> RECORDS SUPPLIED:

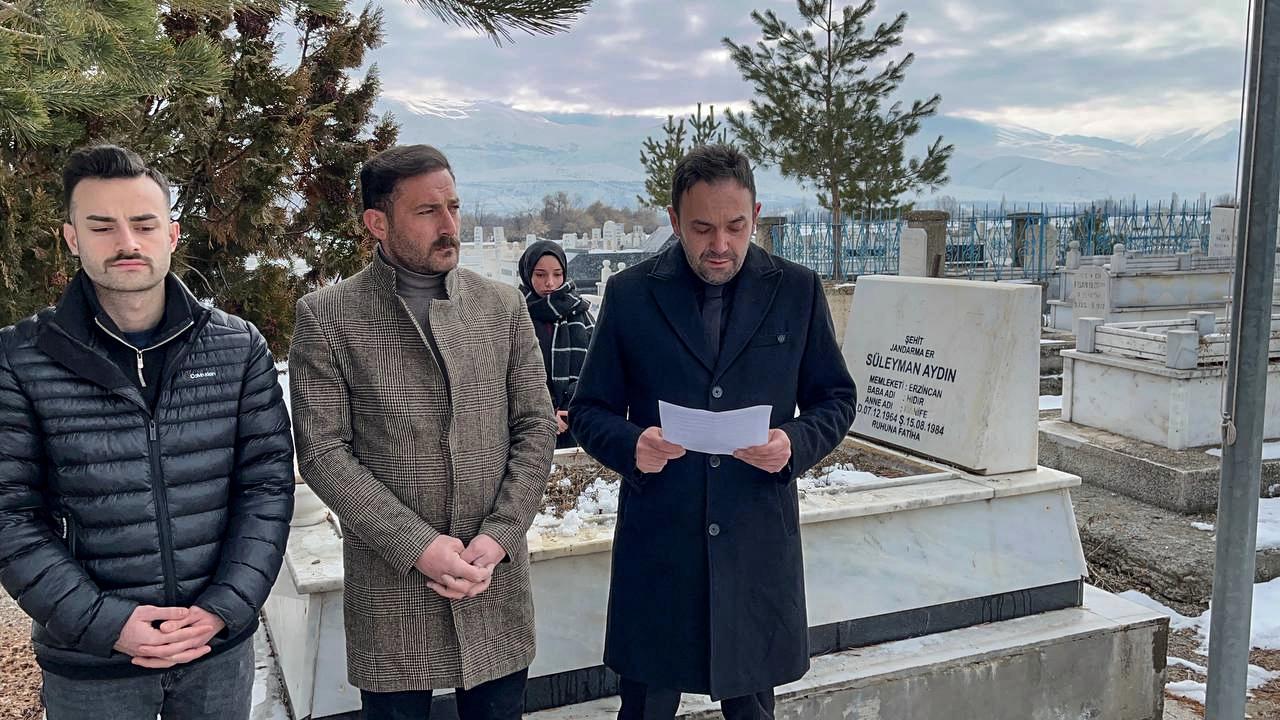 Erzincan Zafer Partisi'nden Şehit Süleyman Aydın'ın kabrine ziyaret - Birlik Haber Ajansı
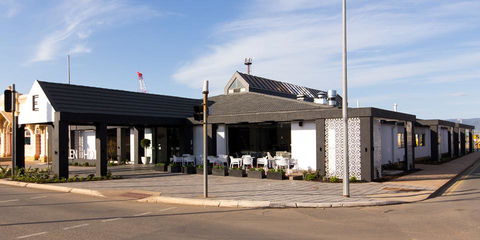 Ellen Hotel - Australian Directory 9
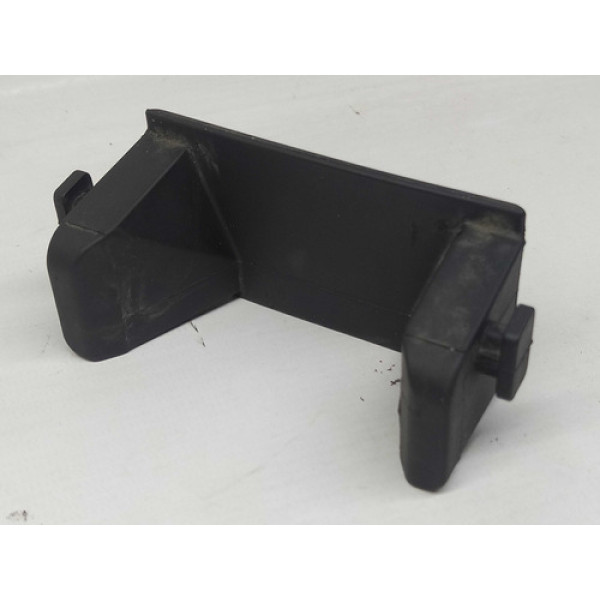 Guarnição Guia Batente Porta Malas Nissan Kicks 2017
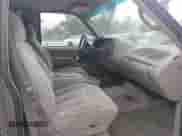 1996 Chevrolet Suburban z VIN 3GNEC16R3TG101906, wystawiony jako IAAI lot #42058102 z przebiegiem 252 488 mil mil oraz . Historia ofert i sprzedaży dostępna na DreamBid. Obrazek 5.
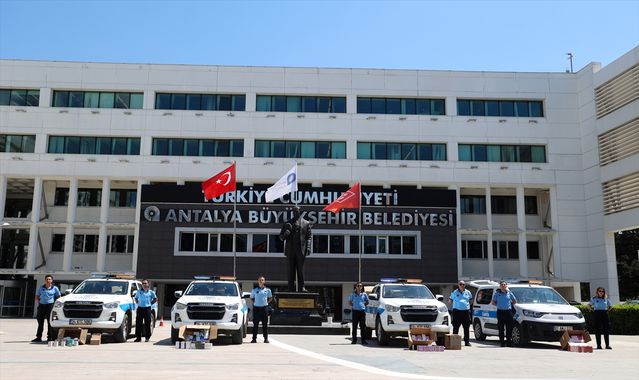 Antalya’da 4 bin 322 sahte parfüm ele geçirildi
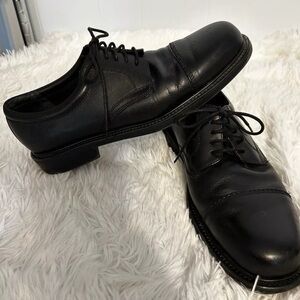 Classic Black Leather Men's Shoes 10.5 Hunter’s Bay. Great preowned‎ condition.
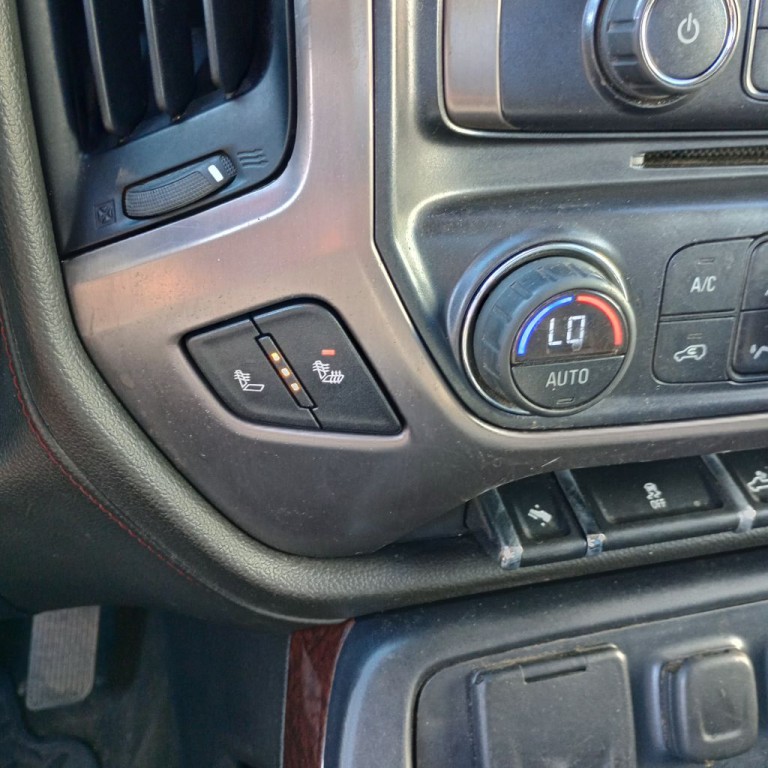 2015 GMC Sierra Image 14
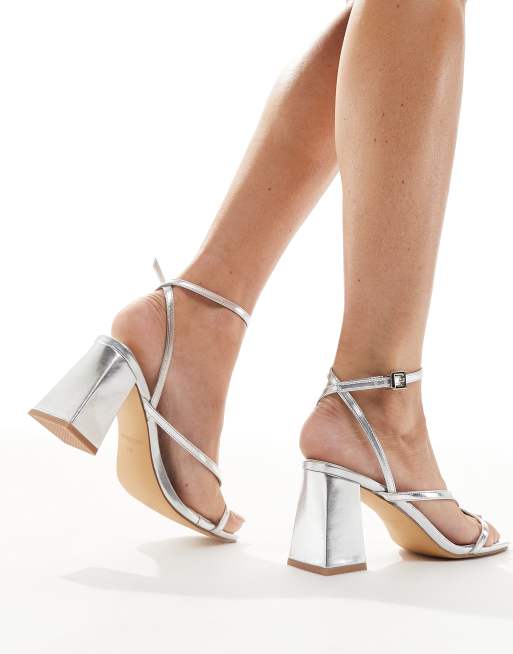 London Rebel Wide Fit Aria strappy mid block heeled sandals in silver, 4 of 4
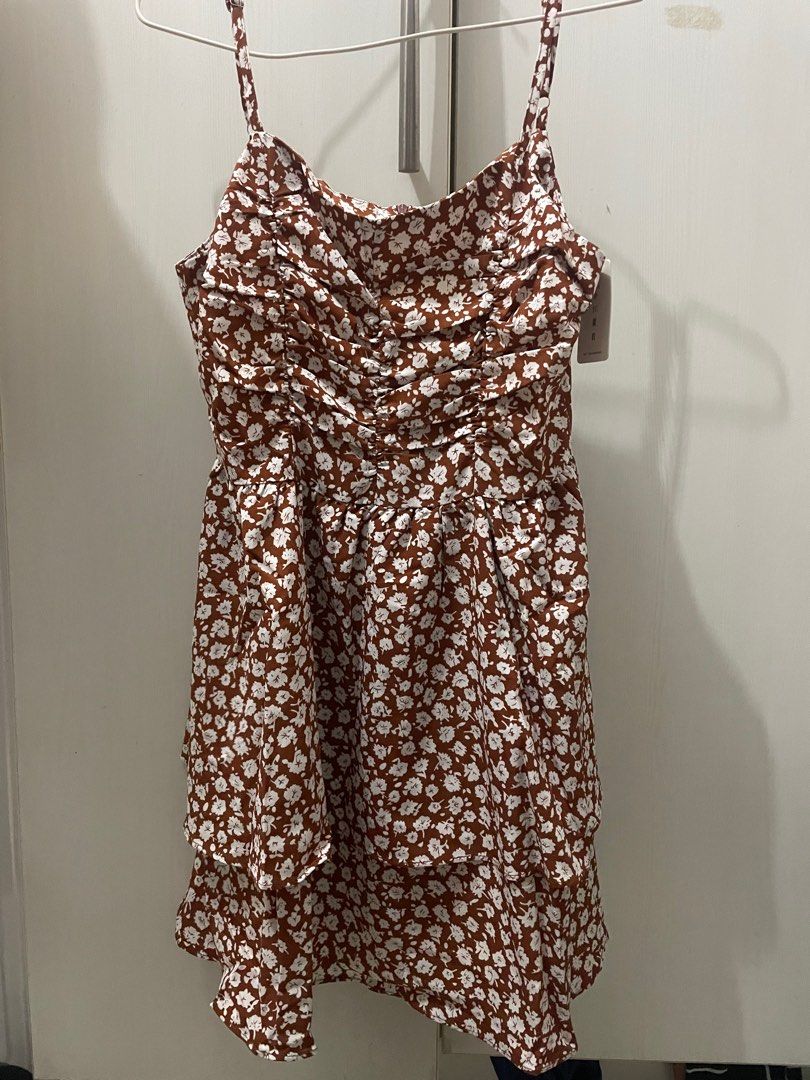 Sun Dress (Category: Dresses) located in Quezon City. Submitted by japs0803 (Listing ID 1379170910, Image 1). Description: Hi! Selling this dress po for only ₱250. Brand new po, size medium Rfs: not my size 🥲.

> YOUR INSTRUCTIONS: The records above should be returned word for word, with every picture left out.

> RESPONSE FOR THIS EXERCISE:
 Erzincan Zafer Partisi'nden Şehit Süleyman Aydın'ın kabrine ziyaret - Birlik Haber Ajansı
 Ellen Hotel - Australian Directory 9
 Guarnição Guia Batente Porta Malas Nissan Kicks 2017
 1996 Chevrolet Suburban z VIN 3GNEC16R3TG101906, wystawiony jako IAAI lot #42058102 z przebiegiem 252 488 mil mil oraz . Historia ofert i sprzedaży dostępna na DreamBid. Obrazek 5.
 Antalya’da 4 bin 322 sahte parfüm ele geçirildi
 Classic Black Leather Men's Shoes 10.5 Hunter’s Bay. Great preowned‎ condition.
 2015 GMC Sierra Image 14
 London Rebel Wide Fit Aria strappy mid block heeled sandals in silver, 4 of 4
 Sun Dress (Category: Dresses) located in Quezon City. Submitted by japs0803 (Listing ID 1379170910, Image 1). Description: Hi! Selling this dress po for only ₱250. Brand new po, size medium Rfs: not my size 🥲.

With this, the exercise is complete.